No amount of hyperbolic rationalization and ALL CAPS OBFUSCATION will change that.

BTW, just another reminder because you seem to have forgotten, not a liberal. Not a conservative. Mod-er-ate. I lean right sometimes, I lean left sometimes, it's like riding a motorcycle on a curvy road. You always lean the same way, you either end up back where you started or go off the road.

Mod-er-ate.

Linda Aikins 8 years, 10 months ago

Badger stupid? He's one of the better posters here. He knows his stuff and writes at a 6th grad level so even I can understand.

Linda Aikins 8 years, 10 months ago

grade! I meant grade!!!

I don't want that pesky grad student all over my back.

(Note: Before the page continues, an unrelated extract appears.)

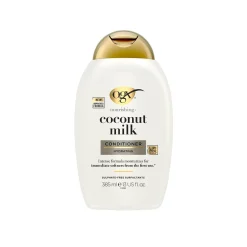 OGX Nourishing + Coconut Milk Conditioner 385ml (13 fl oz)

badger 8 years, 10 months ago

Thank you Gootsie!

That's very nice of you to say!

momof4 8 years, 10 months ago

Badger, I have to agree with you. When the city commision in their infinite wisdom, banned fireworks, my husband and I had a difficult decision to make. Do we allow our children to shoot off fireworks, because 1) we probably won't get caught and 2) we don't agree with the ban, or, do we follow the laws and ordinances of the city. We finally decided we had to follow the law, in good conscience we couldn't teach our children that it's okay to break the law just because you don't agree with it. Instead we encouraged them to write to the commisioners and explain their position.

badger 8 years, 10 months ago

PorkRibs, the notion that 'moderation' as a concept is beyond your ken comes as a remarkably unsurprising piece of information to me.

I'm not trying to 'win' a debate. I just want you (and anyone else reading your words) to be aware of the double standard created by, "You just shut up and obey the law, it's not so hard to do, but I don't have to because I think it's OK for me to do what I want to." It's not about the specific issue, it's about the notion that some people seem to be adherents of the law for everyone else, and not for themselves, and that they often cloak it in a bunch of BS about 'the public good' being served by their decision to ignore the laws of the land.

It's not an academic position at all to say "The law is the law. Follow it, change it, or accept the consequences for breaking it." It's a pragmatic one. We live by the rule of law, and if we start considering the rule of law as optional, we are all screwed. That means that people shouldn't consider laws as guidelines for other people, they should consider them the laws of the land, and if they don't like those laws, we have countless examples of the use of legal, legislative means to change those laws.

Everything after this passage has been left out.